+++ Records for the exercise +++

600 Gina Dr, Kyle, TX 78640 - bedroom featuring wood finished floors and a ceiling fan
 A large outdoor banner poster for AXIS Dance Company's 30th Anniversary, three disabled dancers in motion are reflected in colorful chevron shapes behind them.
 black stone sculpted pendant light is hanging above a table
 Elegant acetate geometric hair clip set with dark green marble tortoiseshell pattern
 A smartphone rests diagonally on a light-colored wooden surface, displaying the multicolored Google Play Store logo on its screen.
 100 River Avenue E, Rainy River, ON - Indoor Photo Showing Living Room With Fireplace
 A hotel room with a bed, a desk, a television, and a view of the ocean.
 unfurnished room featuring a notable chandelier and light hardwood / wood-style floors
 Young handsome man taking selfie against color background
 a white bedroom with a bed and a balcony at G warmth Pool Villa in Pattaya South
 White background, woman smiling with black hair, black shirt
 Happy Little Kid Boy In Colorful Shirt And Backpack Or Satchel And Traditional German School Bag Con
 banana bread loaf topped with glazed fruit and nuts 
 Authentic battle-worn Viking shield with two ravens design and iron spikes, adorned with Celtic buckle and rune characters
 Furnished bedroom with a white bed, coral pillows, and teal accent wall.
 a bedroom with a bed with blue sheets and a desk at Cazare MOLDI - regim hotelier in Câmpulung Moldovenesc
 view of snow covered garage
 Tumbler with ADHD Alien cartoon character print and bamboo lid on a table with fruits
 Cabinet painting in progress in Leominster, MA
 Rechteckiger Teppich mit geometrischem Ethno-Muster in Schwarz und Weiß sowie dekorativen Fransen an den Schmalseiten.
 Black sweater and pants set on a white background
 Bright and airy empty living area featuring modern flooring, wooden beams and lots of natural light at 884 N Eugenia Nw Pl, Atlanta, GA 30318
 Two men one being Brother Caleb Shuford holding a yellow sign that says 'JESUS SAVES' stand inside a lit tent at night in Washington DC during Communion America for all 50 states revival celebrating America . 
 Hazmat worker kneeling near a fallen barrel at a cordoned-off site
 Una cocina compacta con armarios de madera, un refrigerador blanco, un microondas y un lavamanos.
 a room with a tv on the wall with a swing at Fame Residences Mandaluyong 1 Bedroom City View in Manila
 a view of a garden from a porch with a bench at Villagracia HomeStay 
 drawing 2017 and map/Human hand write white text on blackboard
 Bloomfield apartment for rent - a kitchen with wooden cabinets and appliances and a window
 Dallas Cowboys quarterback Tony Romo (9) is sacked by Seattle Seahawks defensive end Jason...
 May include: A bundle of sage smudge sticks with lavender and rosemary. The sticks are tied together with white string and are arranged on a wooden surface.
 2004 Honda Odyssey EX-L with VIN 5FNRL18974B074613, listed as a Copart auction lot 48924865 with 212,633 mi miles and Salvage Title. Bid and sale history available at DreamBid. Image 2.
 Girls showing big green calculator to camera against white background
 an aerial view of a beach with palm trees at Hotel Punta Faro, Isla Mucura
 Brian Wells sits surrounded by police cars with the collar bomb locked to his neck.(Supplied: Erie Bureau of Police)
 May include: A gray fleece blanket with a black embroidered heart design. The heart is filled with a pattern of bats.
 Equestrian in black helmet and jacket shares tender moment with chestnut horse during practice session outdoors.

+++

◆ Problem details ◆
What lines in the material above contain the word "wall"? Copy them out.

◆ Solved problem ◆
 Furnished bedroom with a white bed, coral pillows, and teal accent wall.
 a room with a tv on the wall with a swing at Fame Residences Mandaluyong 1 Bedroom City View in Manila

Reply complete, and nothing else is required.